La multitudinaria manifestación en Valencia de este sábado, con 130.000 asistentes según cifras oficiales, exigió la dimisión del president Carlos Mazón por su gestión de la DANA, que suma ya 214 muertos solo en el País Valencià. Sin embargo, la Generalitat ha declarado este domingo que "rechaza cualquier dimisión en este momento".

Mazón ha pospuesto explicaciones detalladas hasta el jueves en el Parlament, centrando su defensa en “desmentir informaciones falsas sobre su tardanza en asistir al Cecopi”, gabinete de crisis al que llegó dos horas tarde tras una comida.

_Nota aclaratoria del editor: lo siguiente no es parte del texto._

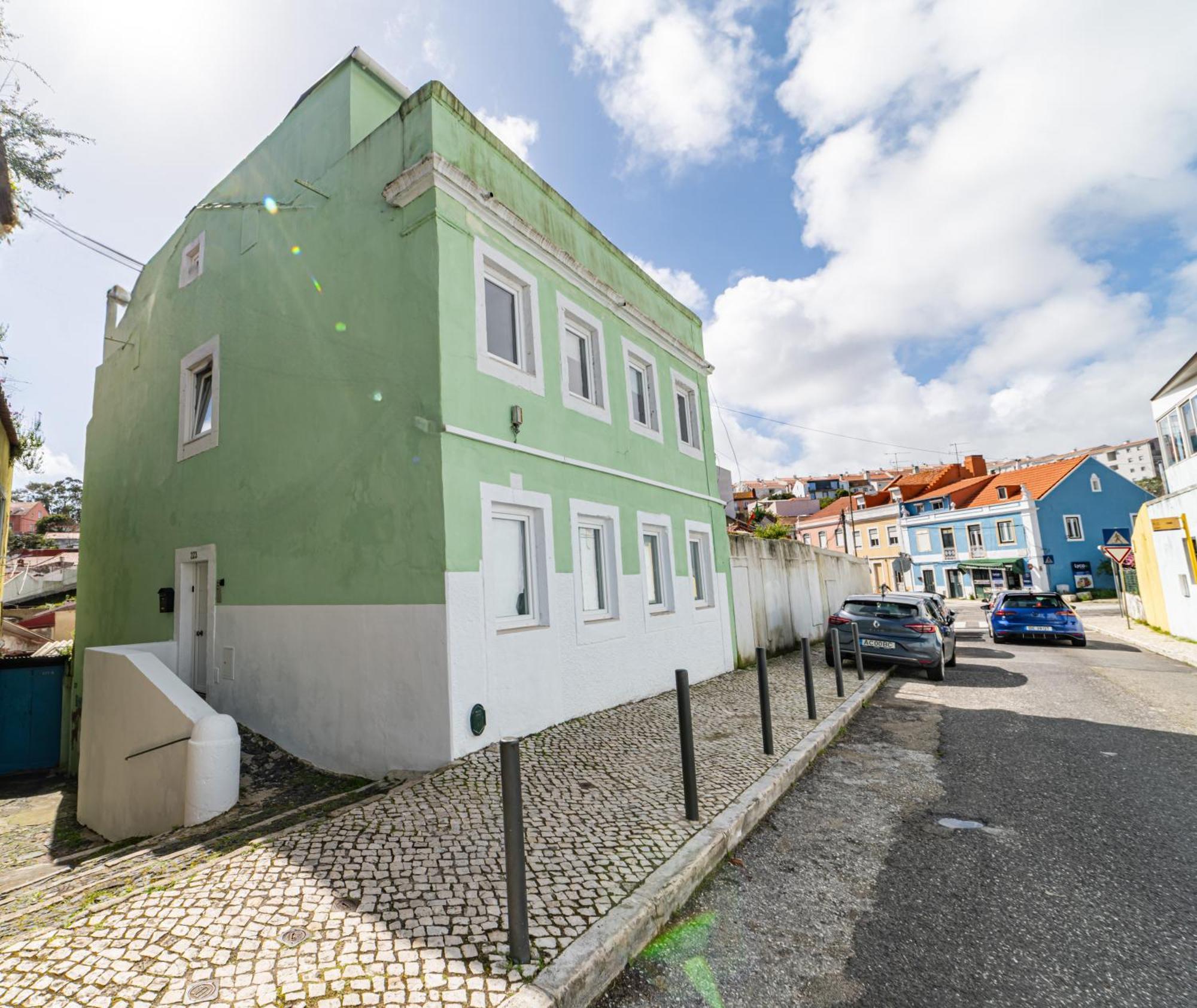 ליסבון Cruzeiro Deluxe Apartments מראה חיצוני תמונה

La vicepresidenta Susana Camarero reafirmó el respaldo al president, aunque reconoció la polémica sobre la consellera de Interior, Salomé Pradas, quien desconocía el sistema de alertas.

La dirección estatal del PP apoya a Mazón, acusando al ejecutivo de Pedro Sánchez de "no liderar" la crisis y señalando la Confederación Hidrográfica del Júcar, dependiente del Ministerio de Teresa Ribera, “por tardar en notificar la subida del caudal en barrancos”. Desde la sede de Génova, piden el estado de emergencia, cerrando filas con el PP valenciano y evitando la confrontación interna. Mientras tanto, desde el Gobierno español, el ministro Ángel Víctor Torres destacó “la importancia de centrarse en la respuesta inmediata”, evitando así hacer eco del descontento popular dirigido contra Mazón y que empieza a extenderse hacia Moncloa.